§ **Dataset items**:
>>>

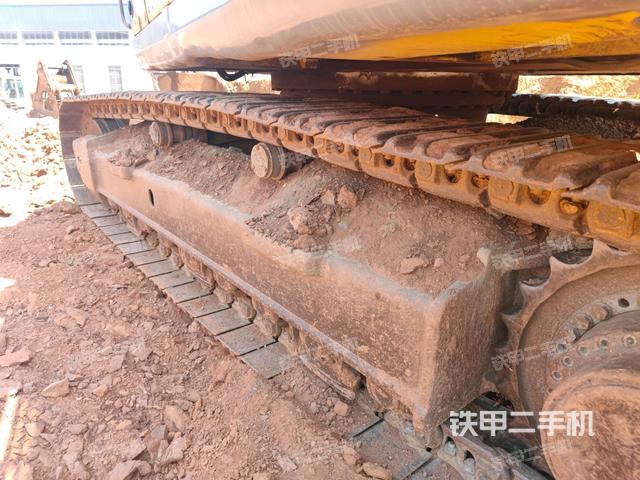 左側(cè)履帶整體?(行走機(jī)構(gòu)) 左側(cè)履帶整體?(行走機(jī)構(gòu))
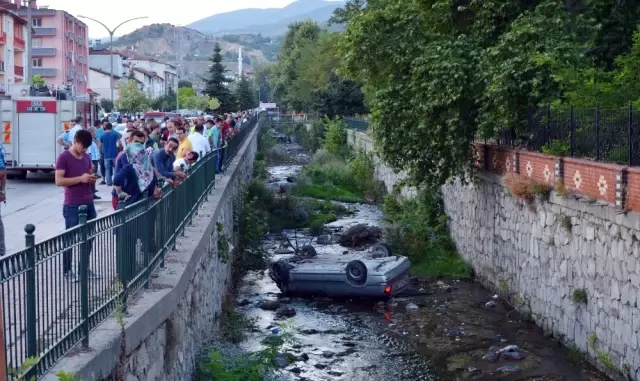 Otomobil Dereye Uçtu: 2 Yaralı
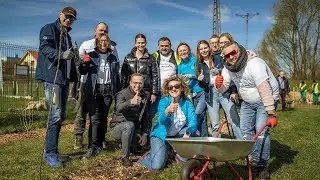 „Niebieskie granty” łączą pokolenia i zmieniają otoczenie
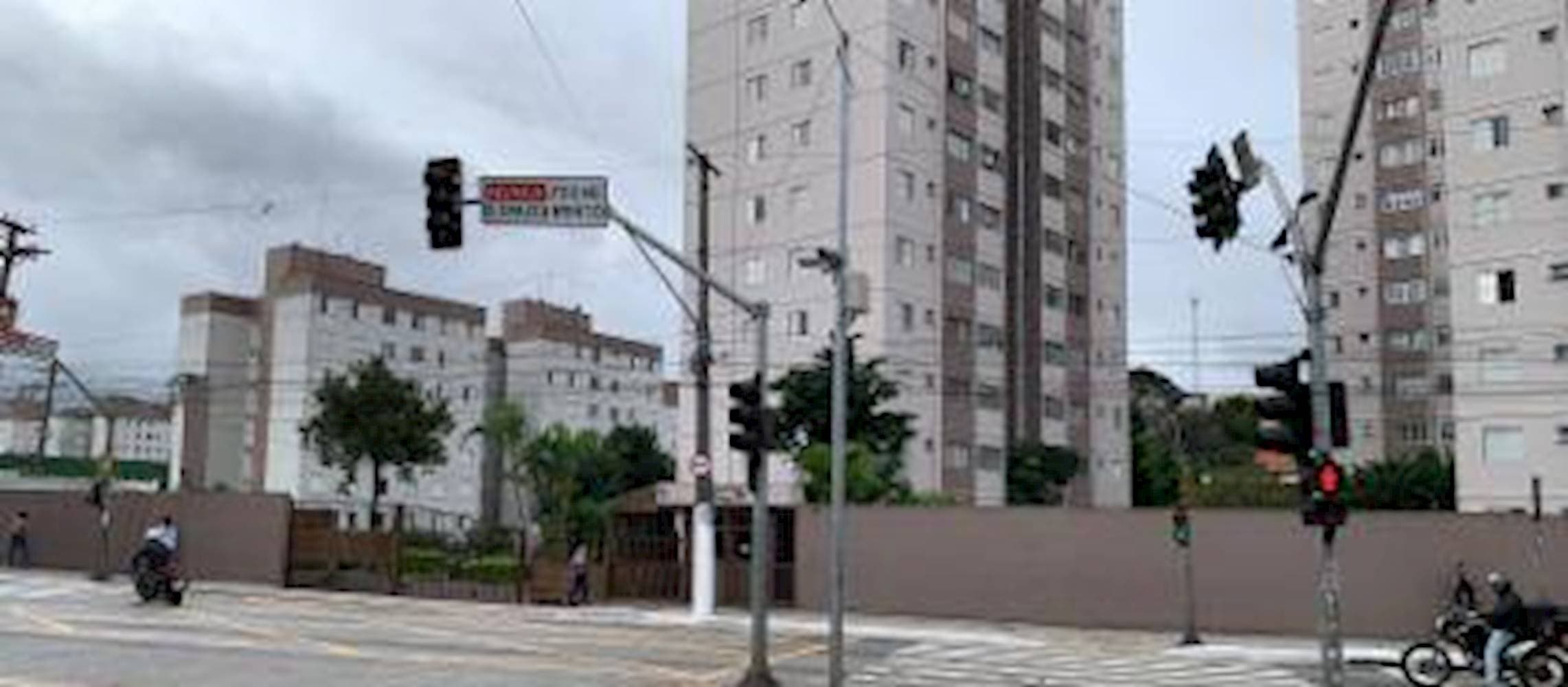 Foto 6 de 9: Apartamento em leilão em São Paulo - SP — Apartamento em Tuparoquera - São Paulo/SP
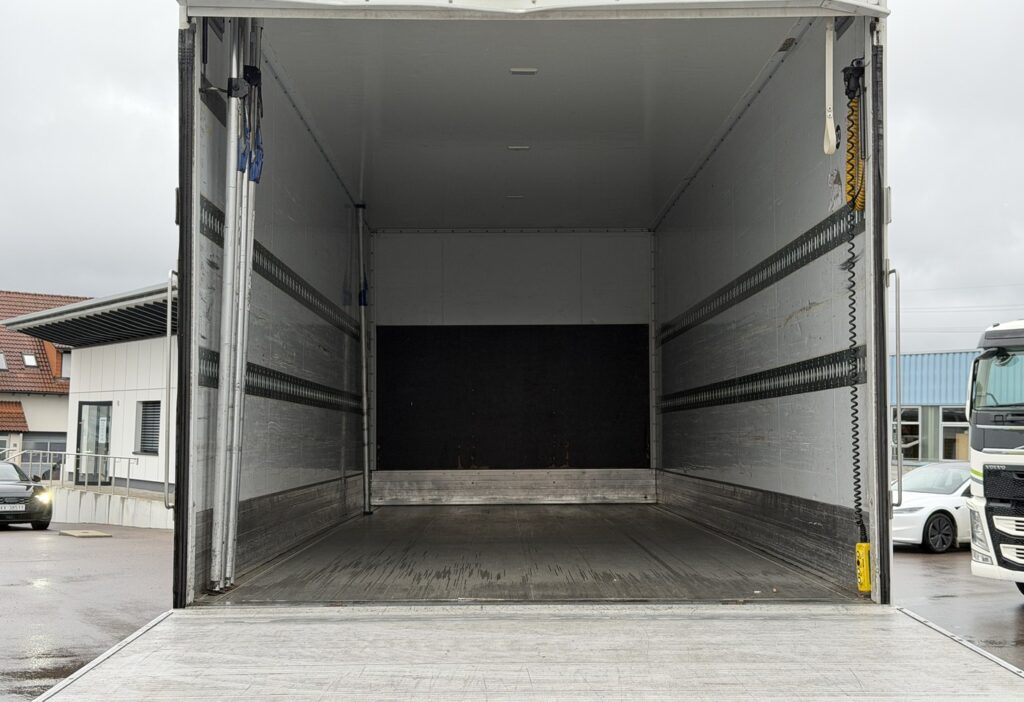 2018 IVECO 190S40 Stralis 4x2 LBW Retarder AHK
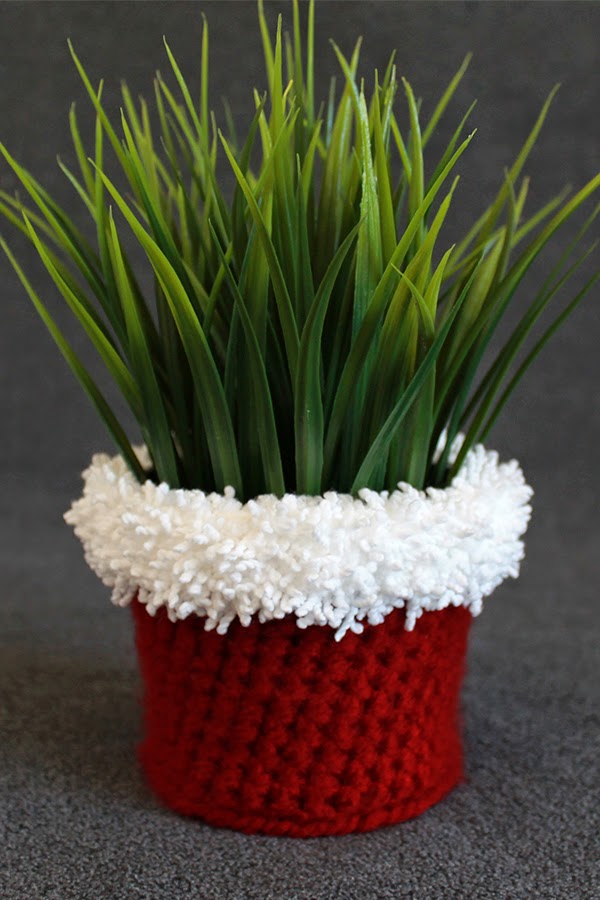 Crochet Holiday Planter Cover Pattern -- great gift! | The Inspired Wren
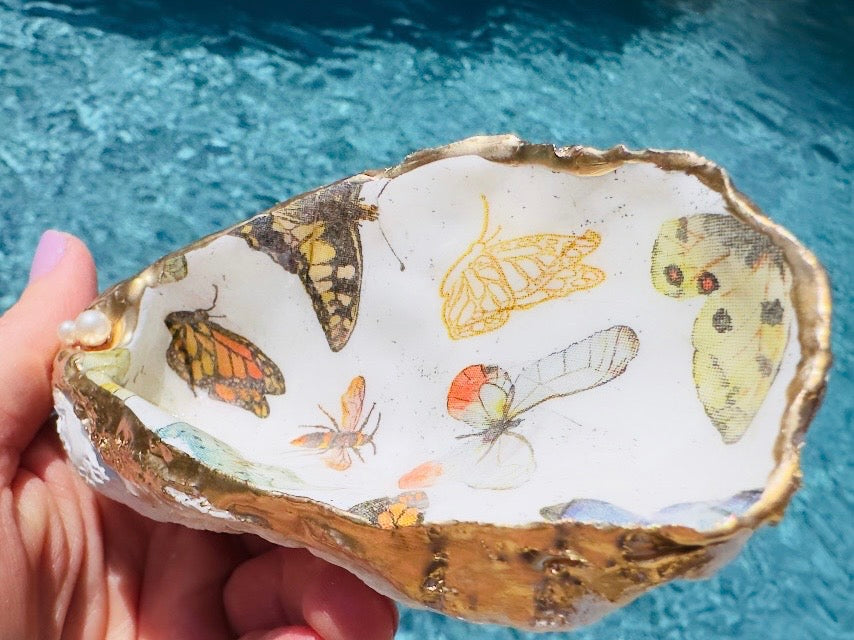 Butterfly Oyster Shell Dishes, Handmade Bee Coastal Trinket Dish Jewelry Holder with Pearls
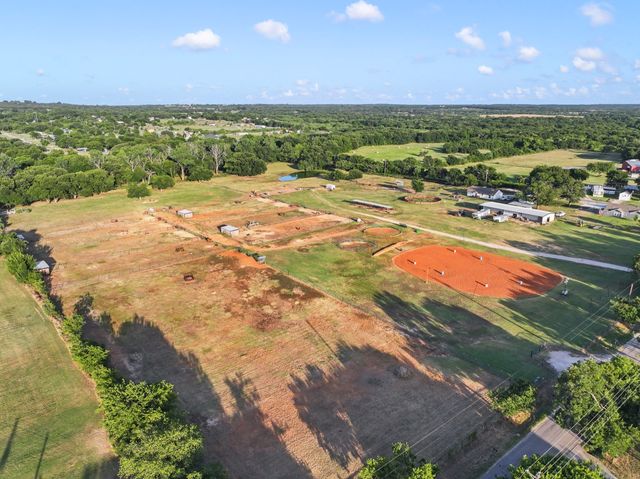 711 County Road 701, Cleburne, TX 76031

<<<

§ **Task instructions**: Copy the lines above exactly, starting with the line that contains "Foto 6 de 9: Apartamento" and ending with the line that contains "Crochet Holiday Planter", and leave out any pictures.

§ **Result below**:
 Foto 6 de 9: Apartamento em leilão em São Paulo - SP — Apartamento em Tuparoquera - São Paulo/SP
 2018 IVECO 190S40 Stralis 4x2 LBW Retarder AHK
 Crochet Holiday Planter Cover Pattern -- great gift! | The Inspired Wren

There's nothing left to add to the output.